● MATERIAL FOR THE TASK:
[Start of Attachment]

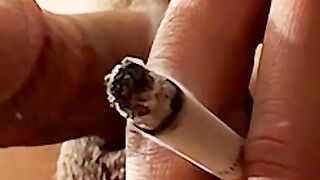 Smoking twink plays with his cock and enjoys it so much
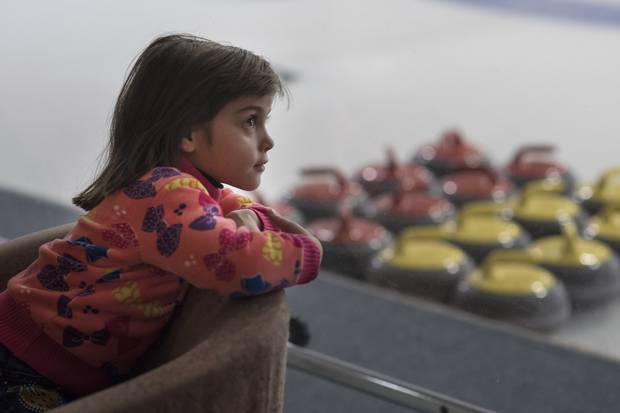 Haneen Khalifih, 6, (from Syria) looks out over the curling rinks while on a day trip to the Royal Canadian Curling Club.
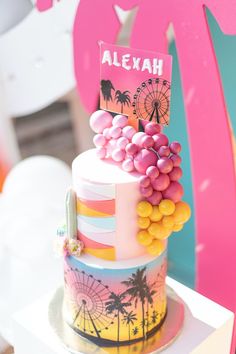 a multi - tiered cake decorated with colorful candies and palm trees sits on a table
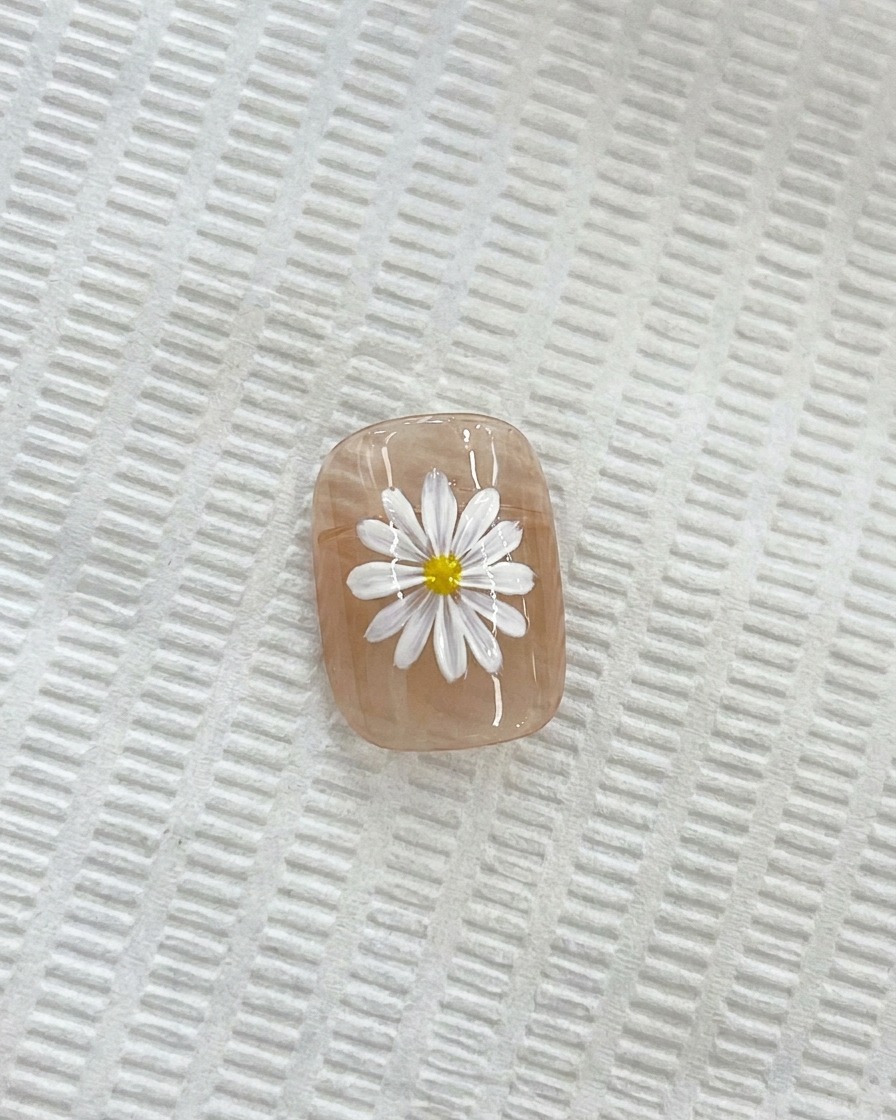 A close-up of a white daisy on a nail, with a fine detail brush applying a yellow center.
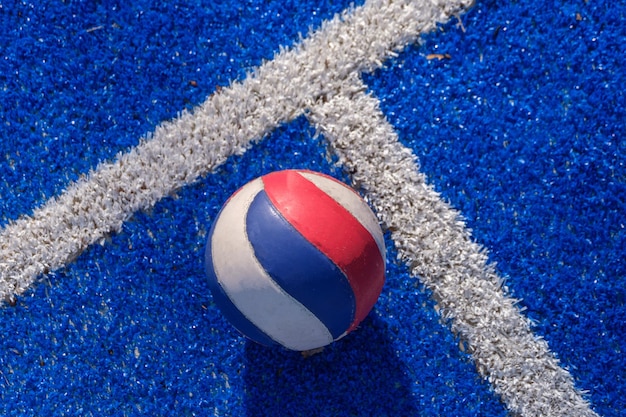 Foto gratuita una palla di voloy che si posa sul campo sportivo blu pronto per essere raccolto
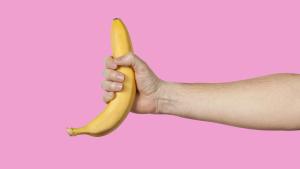 Banana as a symbol of male penis in hand on a yellow background hidden by censorship. Sexual masturbation and orgasm, impotence problem. Self-pleasure concept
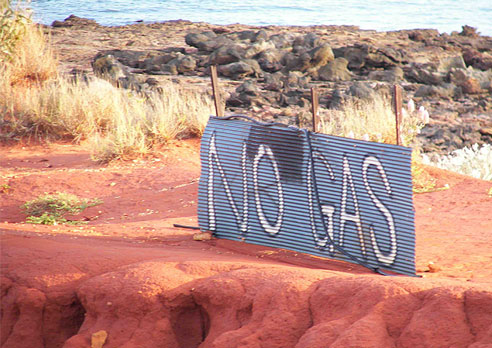 A corrugated iron sign reads no gas. It is on stakes in the ground.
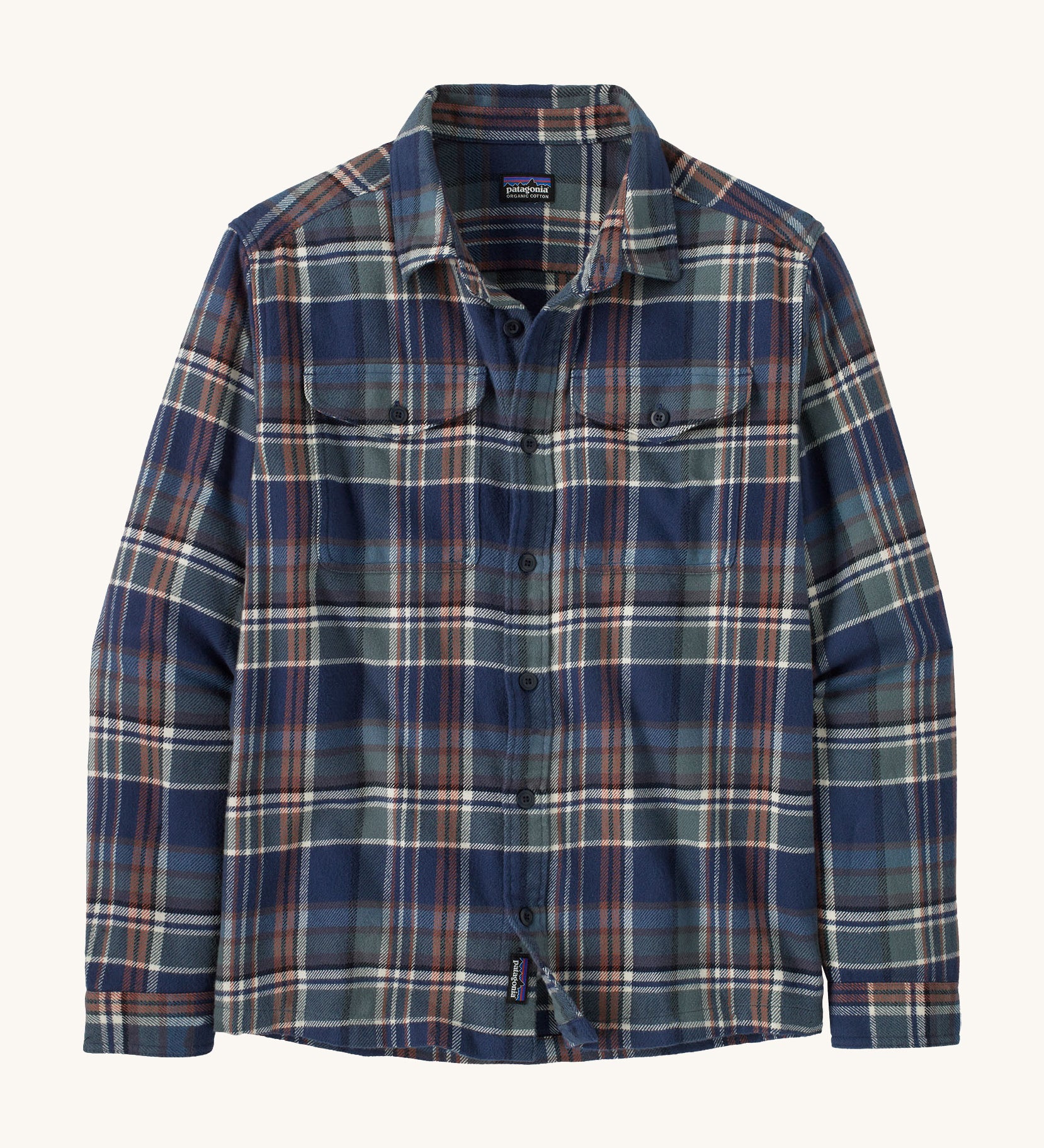 Patagonia mens flannel shirt in  new navy colour way on a cream background.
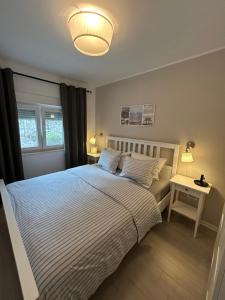 a bedroom with a bed with a white bedspread at Apartman Dukić in Okrug Gornji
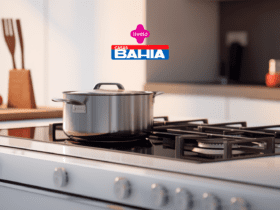 Uma panela de aço inoxidável está sobre um fogão moderno de quatro bocas, em uma cozinha bem iluminada e minimalista. No topo da imagem, aparecem as logos da "Livelo" e "Casas Bahia".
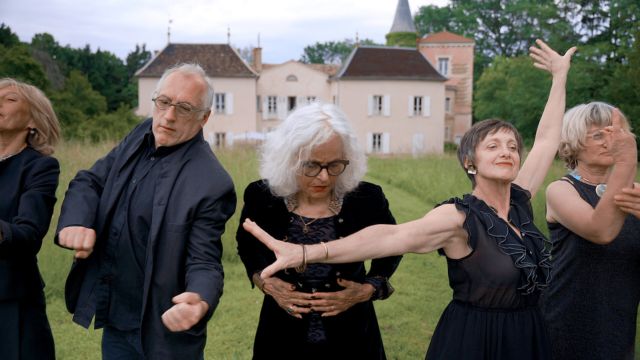 five older adults in black formal wear dance disparately in the foreground as a light colored two story manor appears in the background
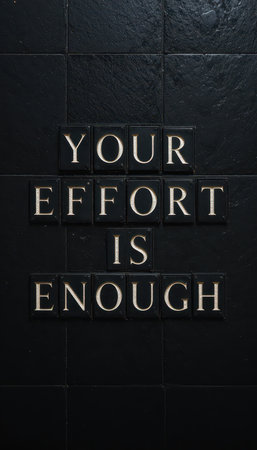 A striking image displaying motivational text "Your Effort Is Enough" in stylish tiles against a dark background, perfect for inspiring personal growth and positivity.の素材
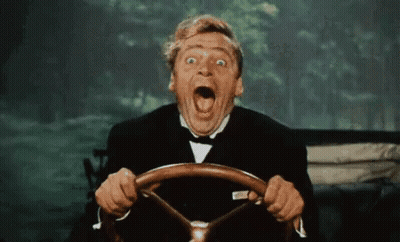A Man In A Tuxedo Is Driving A Car And Making A Funny Face GIF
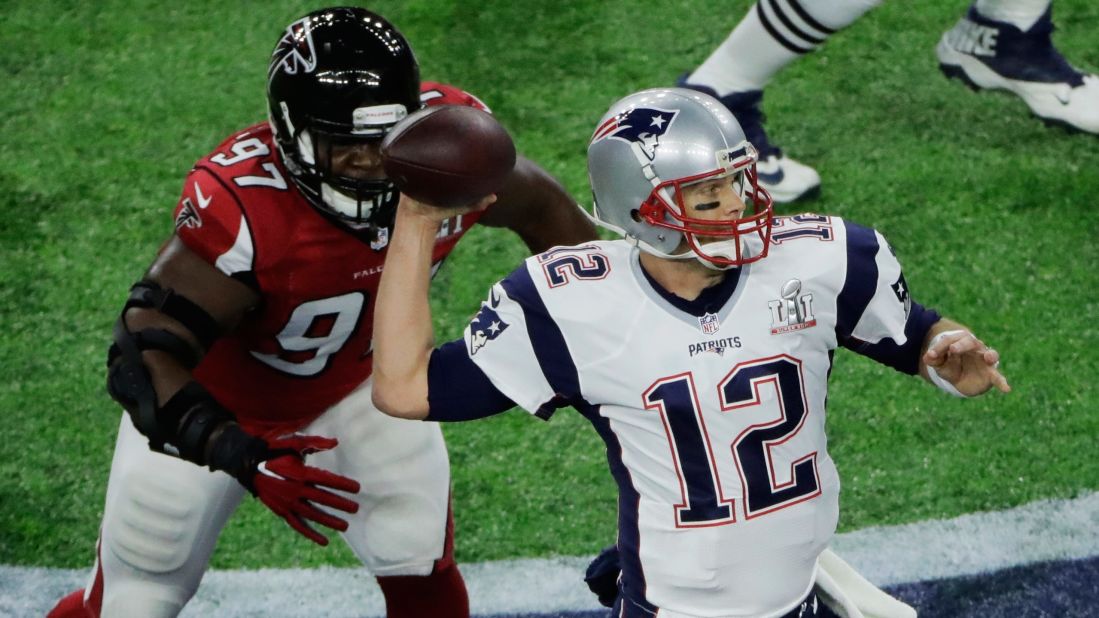 Brady is pressured by Jarrett, who got one of Atlanta's two first-half sacks.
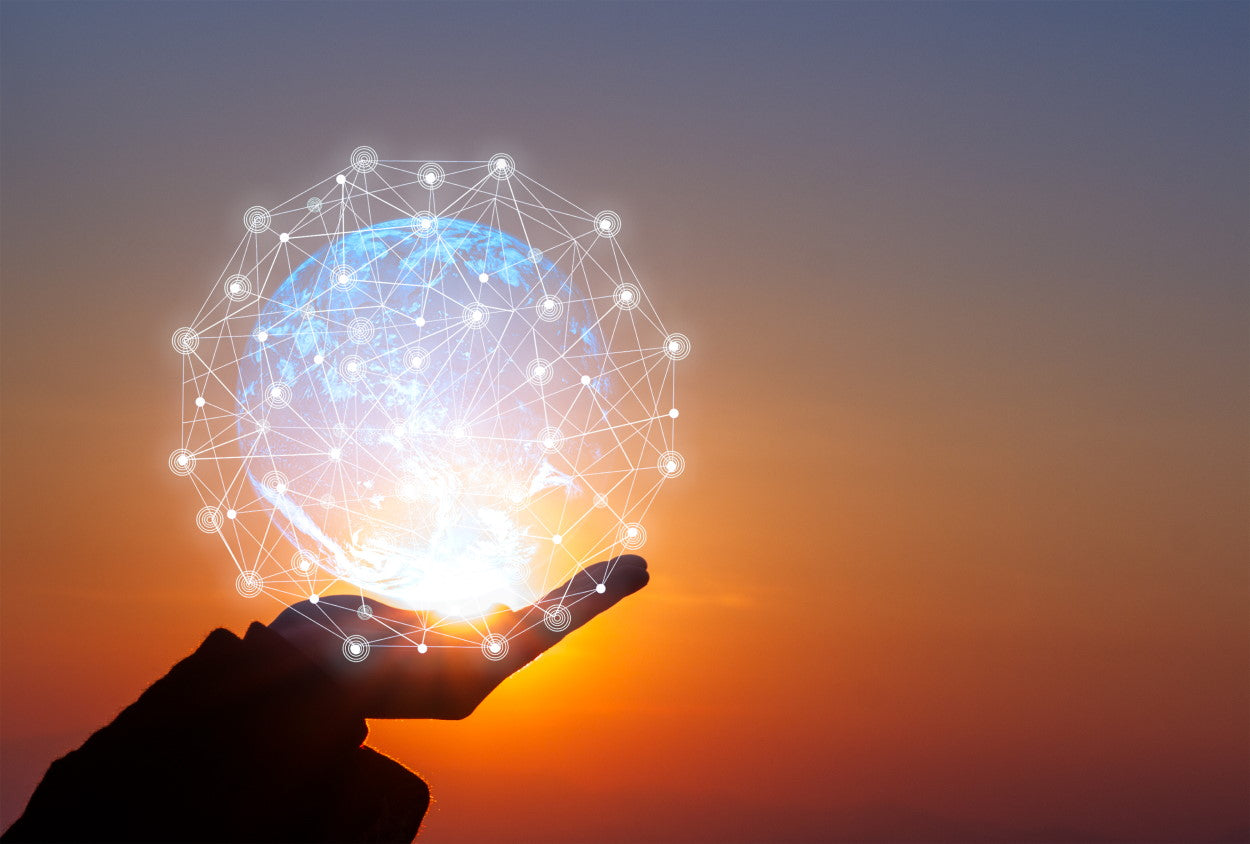 A hand holding an augmented reality earth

[End of Attachment]

● TASK OBJECTIVE: Omit the pictures. Transcribe word for word the lines from the one containing "Uma panela de" through the end of the listing, inclusive.

● SOLUTION FOR THIS TASK:
 Uma panela de aço inoxidável está sobre um fogão moderno de quatro bocas, em uma cozinha bem iluminada e minimalista. No topo da imagem, aparecem as logos da "Livelo" e "Casas Bahia".
 five older adults in black formal wear dance disparately in the foreground as a light colored two story manor appears in the background
 A striking image displaying motivational text "Your Effort Is Enough" in stylish tiles against a dark background, perfect for inspiring personal growth and positivity.の素材
A Man In A Tuxedo Is Driving A Car And Making A Funny Face GIF
 Brady is pressured by Jarrett, who got one of Atlanta's two first-half sacks.
 A hand holding an augmented reality earth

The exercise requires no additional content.